第2章 悪役公爵マークスチュアート、中ボスルート回避のために全力を尽くす

01 現状整理

『立太子の儀』から10日余り。


 公爵領に戻った俺は、まず溜まっていた領主としての仕事を片づけた。


 それが一段落したので、いよいよ中ボスルート回避への動きを全力で行っていくことになる。


 だが、その前に情報と直近の展開を一度整理しておこう。


 ゲームの知識から行くと、これから2カ月後に『魔族による王都襲撃』そして『王都陥落』という大きなイベントがある。


 ゲームとしてはこちらが真のプロローグで、炎上する王都から主人公ロークスとヒロインの2人が南部大森林に落ちのびていくという、そんな展開になる。そしてその大森林から主人公ロークスの波乱の冒険が始まるというストーリーだ。


 しかし先日の『立太子の儀』でもはっきりしたが、ロークスは王都陥落イベント前に南部大森林開拓に向かうことになっている。もちろん彼一人ということはなく、ヒロインであるマリアンロッテを含めて大部隊を連れての探索ということになるはずだ。


 とすると、可能性としては、『王都陥落』の報を、ロークスは最初から大森林で聞くことになるのかもしれない。であれば大部隊が手元にいるのだから、ロークスはその部隊を率いて王都奪還に向かうのではないだろうか。


 正直、この時点でゲームの展開とはまるで変わってくる。


 さらに気になるのは、ロークスのあの性格の悪さだ。それに加えて、ロークスがあの場で妃としてマリアンロッテだけでなくフォルシーナまでも指名していたことも重要である。

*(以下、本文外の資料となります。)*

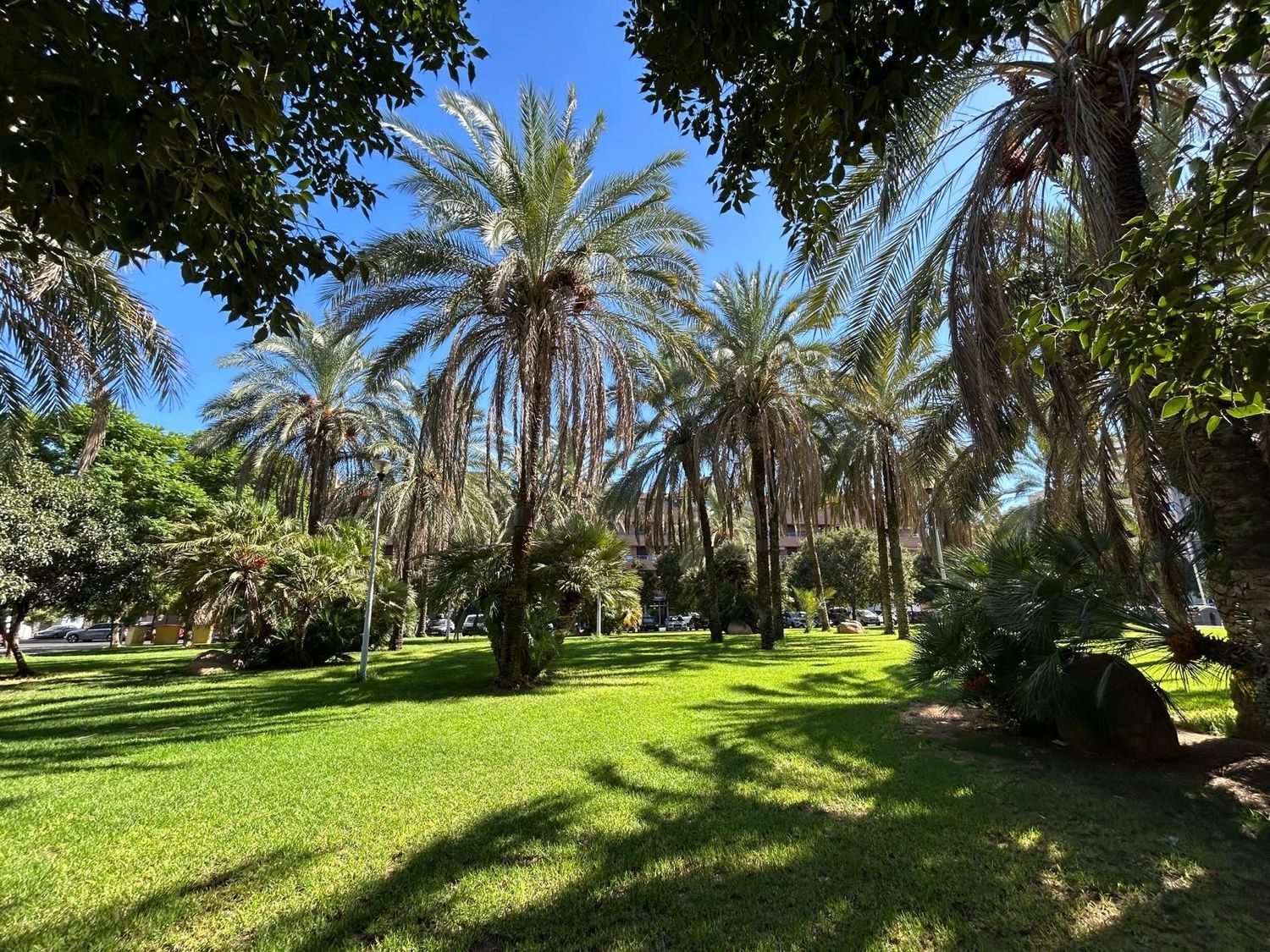 Ático en calle Dolores Ibárruri, 1 p - Foto 14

 実はゲームでは、あそこはメインヒロインを一人指名するという場面なのだ。しかしその選択肢には、一人だけを選ぶという選択のほかに、全員を指名するという選択もあった。その全員を指名する選択肢を選ぶと、ヒロイン全員と結婚するハーレムルートに入れるのだが、実はそのハーレムルートは一歩間違えると別のルートに分岐する設定があった。


 その別のルートとは、その名も『世界終焉しゅうえんルート』。


 その名の通り、主人公が最終的にラスボスに帰順して、世界が闇に包まれるというバッドエンドを迎えるルートである。そしてあの性格を見る限り、この世界のロークスは『世界終焉ルート』をたどる可能性が高いように思われた。

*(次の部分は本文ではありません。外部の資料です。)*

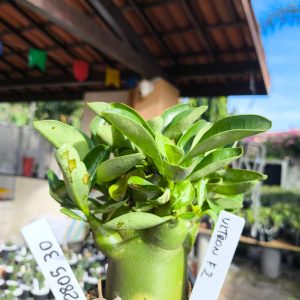 2805 30 Arabicum Ultron F2 12 meses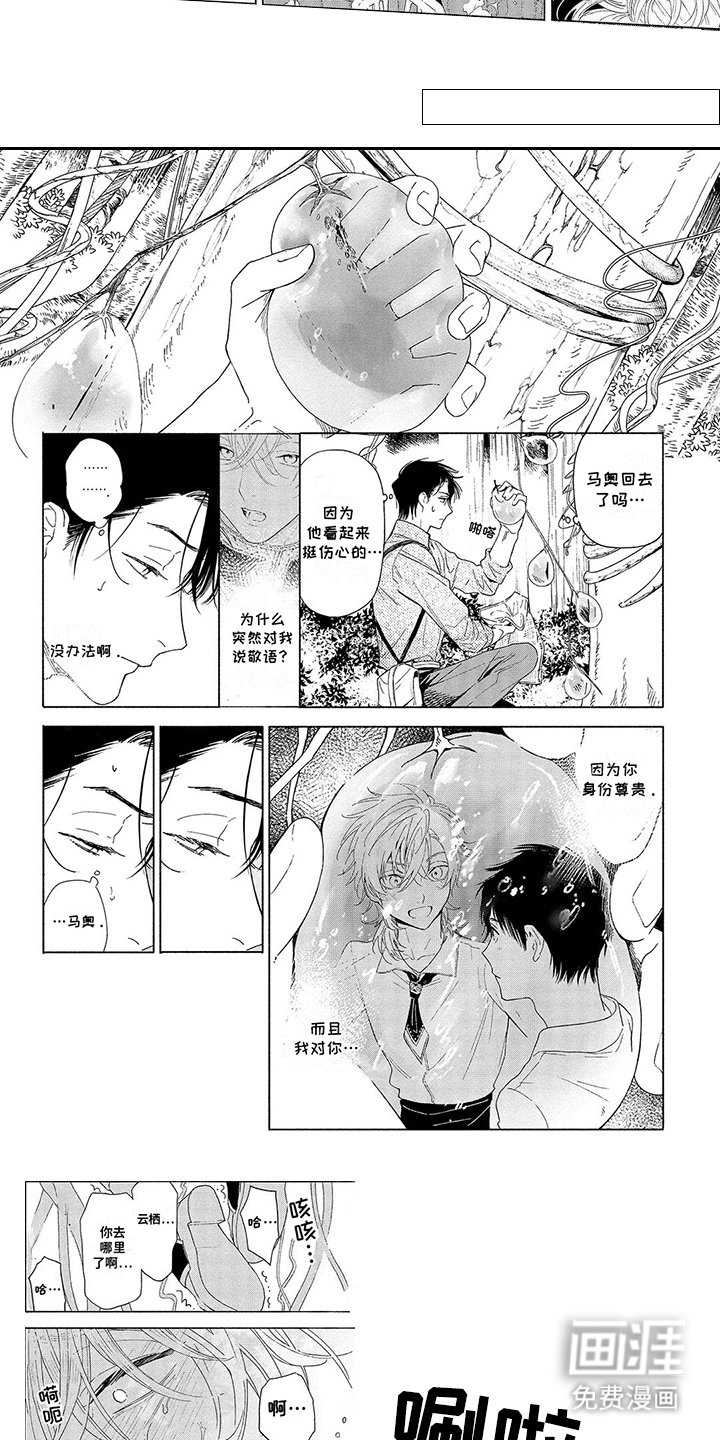 第2章：果实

「まさか俺の中ボスルート以外にそんな罠があるとはなあ。『オレオ』の世界に転生したのはいいが、ちょっとにハードすぎないか」


 という愚痴も出てしまうが、中ボスルート回避後はこちらもなんとかするしかないだろう。ともあれ今は俺の足元を固める時だ。先ばかりを見てつまづいていたのでは話にならない。

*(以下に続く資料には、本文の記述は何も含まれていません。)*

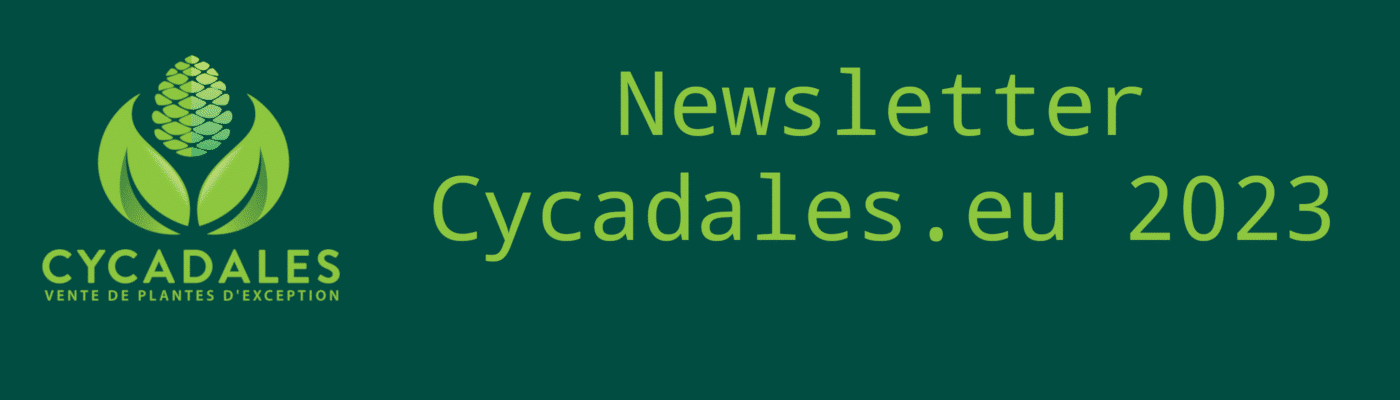 Cycadales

 というわけで、まず呼ぶのはダークエルフのアラムンドだ。


 執務室で呼び出しの魔道具を押すと、やはり瞬時にして目の前に現れる、ちょいエロ忍者コスの女ダークエルフ。


「お呼びでございますかお館様」


「例の件の調べはついたか?」


「はい、大まかなところは」


「聞かせてもらおう」


 アラムンドは膝をついた状態から立ち上がると、報告を始める。


「まずお披露目の場に現れたカオスデーモンですが、魔族領から飛来したものでほぼ間違いなさそうです。ただしそれが組織だった動きなのか、それとも単なるはぐれモンスターだったのかは不明です」


「カオスデーモンは魔王直属の魔族とも言える存在だ。組織的でないということはあるまい」


「王家はそうは判断していないようです」


 アホか、と言いたくなるが、多分これはゲーム通りなんだよな。


 そうでなければこの後王都が魔族に急襲されて陥落、なんて間抜けな事態にはならないはずだからな。


「ではなんらの対策も行っていないのか?」


「はい。南部大森林の開拓の方に力を注いでいるようです」


 重ねてアホか。


 まあ恐らく、裏にはゲントロノフ公の進言もあるのだろう。マリアンロッテを輿こし入れさせ、ロークスに南部大森林開拓の手柄を立てさせれば、ゲントロノフ家としては将来的に安泰となる。『立太子の儀』の時に王妃の腹が少し膨らんでいたのも関係がありそうだ。もし第二子が生まれても、兄のロークスが盤石ばんじゃくならば面倒が減るからな。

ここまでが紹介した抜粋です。